One of the signature components of the QAnon conspiracy theory is the Storm:
One phrase that serves as a special touchstone among QAnon adherents is “the calm before the storm.” Q first used it a few days after his initial post, and it arrived with a specific history. On the evening of October 5, 2017—not long before Q first made himself known on 4chan—President Trump stood beside the first lady in a loose semicircle with 20 or so senior military leaders and their spouses for a photo in the State Dining Room at the White House. Reporters had been invited to watch as Trump’s guests posed and smiled. Trump couldn’t seem to stop talking. “You guys know what this represents?” he asked at one point, tracing an incomplete circle in the air with his right index finger. “Tell us, sir,” one onlooker replied. The president’s response was self-satisfied, bordering on a drawl: “Maybe it’s the calm before the storm.”
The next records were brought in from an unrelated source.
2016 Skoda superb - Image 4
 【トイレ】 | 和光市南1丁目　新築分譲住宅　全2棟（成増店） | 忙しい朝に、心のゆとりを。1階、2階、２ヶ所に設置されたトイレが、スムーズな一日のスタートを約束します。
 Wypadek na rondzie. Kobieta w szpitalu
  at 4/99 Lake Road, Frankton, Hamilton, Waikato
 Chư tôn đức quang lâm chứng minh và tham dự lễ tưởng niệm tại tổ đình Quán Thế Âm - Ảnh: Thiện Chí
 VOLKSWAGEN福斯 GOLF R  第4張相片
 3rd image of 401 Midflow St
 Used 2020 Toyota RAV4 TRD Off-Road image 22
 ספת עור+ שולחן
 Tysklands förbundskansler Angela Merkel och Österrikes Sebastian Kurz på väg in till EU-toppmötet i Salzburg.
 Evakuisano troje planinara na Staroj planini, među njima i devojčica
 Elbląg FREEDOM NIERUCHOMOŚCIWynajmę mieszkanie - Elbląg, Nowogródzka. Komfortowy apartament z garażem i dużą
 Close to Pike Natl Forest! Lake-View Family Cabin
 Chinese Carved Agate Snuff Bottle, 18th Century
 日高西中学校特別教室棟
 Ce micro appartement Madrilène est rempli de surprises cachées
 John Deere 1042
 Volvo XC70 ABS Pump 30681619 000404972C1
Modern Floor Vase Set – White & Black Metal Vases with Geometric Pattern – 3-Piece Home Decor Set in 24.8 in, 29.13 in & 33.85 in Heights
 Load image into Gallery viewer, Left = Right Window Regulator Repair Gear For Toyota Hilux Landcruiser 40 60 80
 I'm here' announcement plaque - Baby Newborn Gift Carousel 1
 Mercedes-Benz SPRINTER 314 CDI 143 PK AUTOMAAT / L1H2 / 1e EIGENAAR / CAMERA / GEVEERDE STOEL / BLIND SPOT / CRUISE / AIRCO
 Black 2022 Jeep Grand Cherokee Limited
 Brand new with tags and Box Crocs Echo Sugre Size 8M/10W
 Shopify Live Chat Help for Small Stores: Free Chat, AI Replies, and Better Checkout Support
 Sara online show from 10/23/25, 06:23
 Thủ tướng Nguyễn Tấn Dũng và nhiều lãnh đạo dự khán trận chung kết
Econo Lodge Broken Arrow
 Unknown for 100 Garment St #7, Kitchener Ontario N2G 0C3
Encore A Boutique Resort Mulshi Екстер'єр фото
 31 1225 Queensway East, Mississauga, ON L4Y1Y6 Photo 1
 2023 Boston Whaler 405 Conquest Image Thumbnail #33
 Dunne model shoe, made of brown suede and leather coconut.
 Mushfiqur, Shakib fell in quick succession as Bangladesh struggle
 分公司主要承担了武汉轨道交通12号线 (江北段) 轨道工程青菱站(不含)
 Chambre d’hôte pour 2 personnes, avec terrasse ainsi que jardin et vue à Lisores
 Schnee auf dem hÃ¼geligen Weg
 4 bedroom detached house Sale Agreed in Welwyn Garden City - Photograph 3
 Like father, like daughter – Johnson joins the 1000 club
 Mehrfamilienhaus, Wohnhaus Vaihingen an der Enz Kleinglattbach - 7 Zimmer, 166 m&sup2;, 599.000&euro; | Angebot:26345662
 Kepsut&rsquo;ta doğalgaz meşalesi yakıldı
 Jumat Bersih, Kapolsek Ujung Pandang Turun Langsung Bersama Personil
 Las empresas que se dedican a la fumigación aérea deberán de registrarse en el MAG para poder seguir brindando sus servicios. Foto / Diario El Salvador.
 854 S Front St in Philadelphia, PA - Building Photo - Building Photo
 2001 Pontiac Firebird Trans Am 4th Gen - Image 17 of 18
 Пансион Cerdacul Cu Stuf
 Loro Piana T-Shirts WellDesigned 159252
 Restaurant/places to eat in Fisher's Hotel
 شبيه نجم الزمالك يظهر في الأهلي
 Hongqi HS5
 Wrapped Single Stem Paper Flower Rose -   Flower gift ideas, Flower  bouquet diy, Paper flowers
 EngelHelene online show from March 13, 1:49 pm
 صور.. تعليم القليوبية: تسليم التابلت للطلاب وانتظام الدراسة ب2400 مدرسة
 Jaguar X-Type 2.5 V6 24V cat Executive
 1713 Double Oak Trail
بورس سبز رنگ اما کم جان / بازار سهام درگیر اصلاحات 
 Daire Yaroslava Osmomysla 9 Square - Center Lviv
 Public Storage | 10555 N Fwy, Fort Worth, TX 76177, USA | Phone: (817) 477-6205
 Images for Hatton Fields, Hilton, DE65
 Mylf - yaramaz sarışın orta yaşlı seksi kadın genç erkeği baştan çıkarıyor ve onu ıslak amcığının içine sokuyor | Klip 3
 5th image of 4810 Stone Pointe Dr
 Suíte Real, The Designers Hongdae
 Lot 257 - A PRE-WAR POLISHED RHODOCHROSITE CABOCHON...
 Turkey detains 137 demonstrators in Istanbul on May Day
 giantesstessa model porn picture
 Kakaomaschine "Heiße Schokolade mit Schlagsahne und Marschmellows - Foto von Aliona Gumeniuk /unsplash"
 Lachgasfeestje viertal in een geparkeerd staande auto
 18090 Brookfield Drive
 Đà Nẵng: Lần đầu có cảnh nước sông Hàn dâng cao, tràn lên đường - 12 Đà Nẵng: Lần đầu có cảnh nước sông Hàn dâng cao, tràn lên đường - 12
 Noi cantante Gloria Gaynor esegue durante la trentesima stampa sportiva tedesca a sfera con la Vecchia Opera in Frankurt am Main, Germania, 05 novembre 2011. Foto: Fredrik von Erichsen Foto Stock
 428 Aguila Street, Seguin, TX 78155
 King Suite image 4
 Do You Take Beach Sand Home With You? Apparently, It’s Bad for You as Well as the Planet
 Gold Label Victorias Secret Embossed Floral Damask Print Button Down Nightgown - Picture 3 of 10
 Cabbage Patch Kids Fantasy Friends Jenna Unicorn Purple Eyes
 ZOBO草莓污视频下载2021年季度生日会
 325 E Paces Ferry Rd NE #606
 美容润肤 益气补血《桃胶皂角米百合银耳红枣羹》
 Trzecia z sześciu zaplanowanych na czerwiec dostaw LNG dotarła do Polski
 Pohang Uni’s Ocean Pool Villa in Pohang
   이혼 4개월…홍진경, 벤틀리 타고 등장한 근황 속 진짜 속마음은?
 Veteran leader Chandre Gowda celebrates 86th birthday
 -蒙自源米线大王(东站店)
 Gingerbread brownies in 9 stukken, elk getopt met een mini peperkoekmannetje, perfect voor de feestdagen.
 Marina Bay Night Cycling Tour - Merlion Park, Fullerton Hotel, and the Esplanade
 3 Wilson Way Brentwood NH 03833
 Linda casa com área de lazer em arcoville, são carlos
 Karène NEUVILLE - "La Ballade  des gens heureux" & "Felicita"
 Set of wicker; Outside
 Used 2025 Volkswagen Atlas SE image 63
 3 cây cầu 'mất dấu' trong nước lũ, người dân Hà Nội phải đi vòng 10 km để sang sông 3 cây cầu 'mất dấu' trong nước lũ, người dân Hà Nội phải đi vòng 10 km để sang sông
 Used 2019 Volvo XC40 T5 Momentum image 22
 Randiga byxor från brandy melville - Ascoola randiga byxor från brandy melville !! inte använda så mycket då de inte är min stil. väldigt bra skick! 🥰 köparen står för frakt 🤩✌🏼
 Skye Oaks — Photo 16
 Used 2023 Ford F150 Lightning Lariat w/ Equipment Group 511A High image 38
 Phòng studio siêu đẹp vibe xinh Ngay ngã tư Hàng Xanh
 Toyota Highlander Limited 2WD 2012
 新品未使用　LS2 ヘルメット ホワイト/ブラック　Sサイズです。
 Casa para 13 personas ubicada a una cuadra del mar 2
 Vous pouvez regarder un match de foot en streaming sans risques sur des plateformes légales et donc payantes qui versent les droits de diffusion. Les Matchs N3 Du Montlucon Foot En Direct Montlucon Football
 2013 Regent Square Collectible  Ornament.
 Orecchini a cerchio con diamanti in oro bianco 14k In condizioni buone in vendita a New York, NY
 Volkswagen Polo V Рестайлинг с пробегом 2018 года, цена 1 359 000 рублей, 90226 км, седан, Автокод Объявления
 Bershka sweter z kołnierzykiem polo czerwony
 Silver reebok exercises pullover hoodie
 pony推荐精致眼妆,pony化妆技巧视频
The Storm was then picked up on 4chan and it was off to the races:
On October 28, someone calling themselves Q began posting a series of cryptic messages in a /pol/ thread titled “Calm Before the Storm” (assumedly in reference to that creepy Trump quote from early October). Q claimed to be a high-level government insider with Q clearance (hence the name) tasked with posting intel drops — which he, for some reason, called “crumbs” — straight to 4chan in order to covertly inform the public about POTUS’s master plan to stage a countercoup against members of the deep state.
In this fantasy world, all of the far right’s wildest dreams come true: Q promises that Clinton, Obama, Podesta, Abedin, and even McCain are all either arrested and wearing secret police-issued ankle monitors, or justabout to be indicted; that the Steele dossier is a total fabrication personally paid for by Clinton and Obama; and that the Las Vegas massacre was most definitely an inside job connected to the Saudi-Clinton cabal.
They believe all of this will be coming to a head any day now. That “The Storm” — of arrests, political turmoil, and Republican vindication — is coming. Though there have been some, uh, miscalculations as for exactly when.
Governor Abbott, or more likely his speech writer, seems to be fluent in Q speak. To the point of being able to work a coded reference into an otherwise innocuous speech to a Republican organization that means one thing to those in the group and another to those outside of it who are not aware of how the group uses these specific terms. Like The New York Time‘s reporter that seems to have missed the dual meaning of Abbott’s statement and failed to link it to what she reports, eleven paragraphs later, she was told by Ms. Rivera.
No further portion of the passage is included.